La surface de champs que nous avons devant nous, pour donner une échelle, ressemble à la vue que l’on a sur le lac Léman un jour où l’on voit Villeneuve depuis les hauts de Lausanne. Et ce n’est que terre rouge et jaune, pierraille, sillons et tumulus (les cailloux retirés des profondeurs). Quant à la route, elle soupe au cordeau. Elle est droite. Quinze kilomètres de bitume silencieux, puis un virage et encore dix kilomètres. Ensuite des collines, puis en roue libre à travers l’immensité avec un pointe de vitesse à 55km/h. Sauf que le soir, l’hôtel que j’ai choisi (le seul disponible) est dans un hameau. Le propriétaire nous ouvre, nous installe. Il est pêcheur. Il parle de truites. Montre le bassin qu’il a maçonné dans la réception.

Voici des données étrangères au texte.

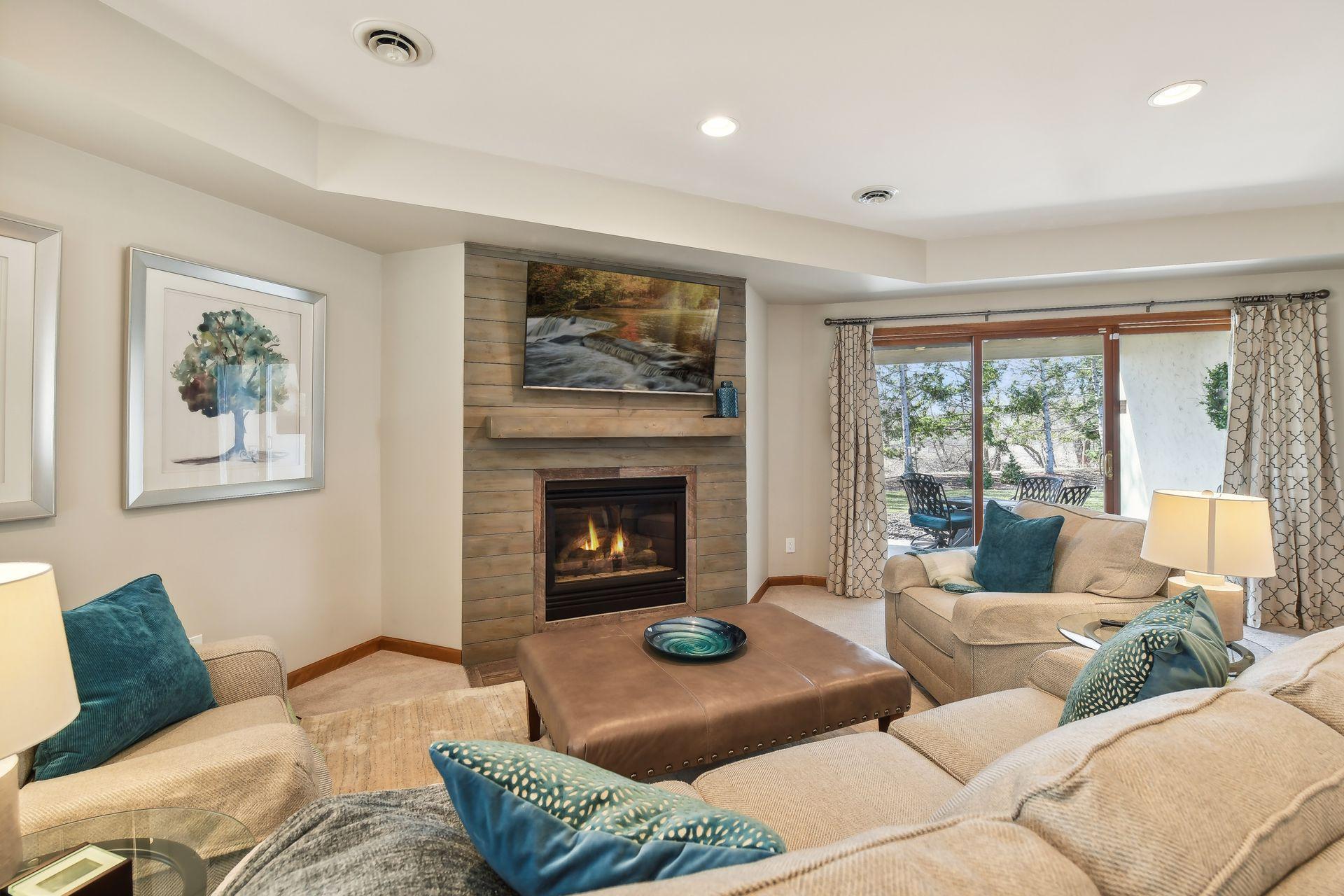 928 Nine Mile Cove S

“Mais ça ne va pas, elles s’échappent”.
Les vélos rangés, il indique le bar.
-Ici.
Nous regardons une porte. Voyant notre peu de motivation à rentrer dans ce local éteint, il ajoute:
-Ou de l’autre côté de la rue.
Nous traversons, nous rentrons dans une pièce sombre où sont quatre anciens, bérets vissés, appui sur cannes. Eparpillés le long du comptoir des quenouilles d’oignons, des tasses sales, des patates terreuses, des sacs. Contre le mur, un coffre à boissons “ne pas se servir seul”.
-Elle va arriver, dit l’un des hommes.
Devant eux, ni jeu de cartes ni boissons. Sans tenir de conversation, ils parlent au hasard. Monfrère m’attend dans la cou — il faudrait dire basse-cour s’il ne manquait les animaux car pour les épluchures, les bassines, le grain répandu et les chiures, tout y est.
-Oui, allez à l’extérieur, elle arrivera de la rue.
Mais non, “elle“ne vient pas. Alors, nous retournons à notre “hostal”. Le propriétaire fait de la lumière dans la bar, apporte deux petites bouteilles de Estrella Galicia. Puis nous trouvons la solution. Peut-il nous conduire au village voisin, celui où nous avons dîner à la mi-journée? Alfambra, un bourg ingrat, à demi-écroulé, un bourg de l’Espagne vide vers lequel les gouvernements successifs s’efforcent de déplacer les immigrés à coups d’allocations. Le propriétaire nous dépose. Il nous reprendra à sept heures tapante car après il cuisine pour les couvriers de la mine. A peine la camionnette reparti, nous voyons que le bar est fermé. La suite st plus heureuse: pêcheur, femme de ménage, chauffeur, tenancier, comptable, solitaire, le propriétaire de l’hôtel est aussi bon cuisinier.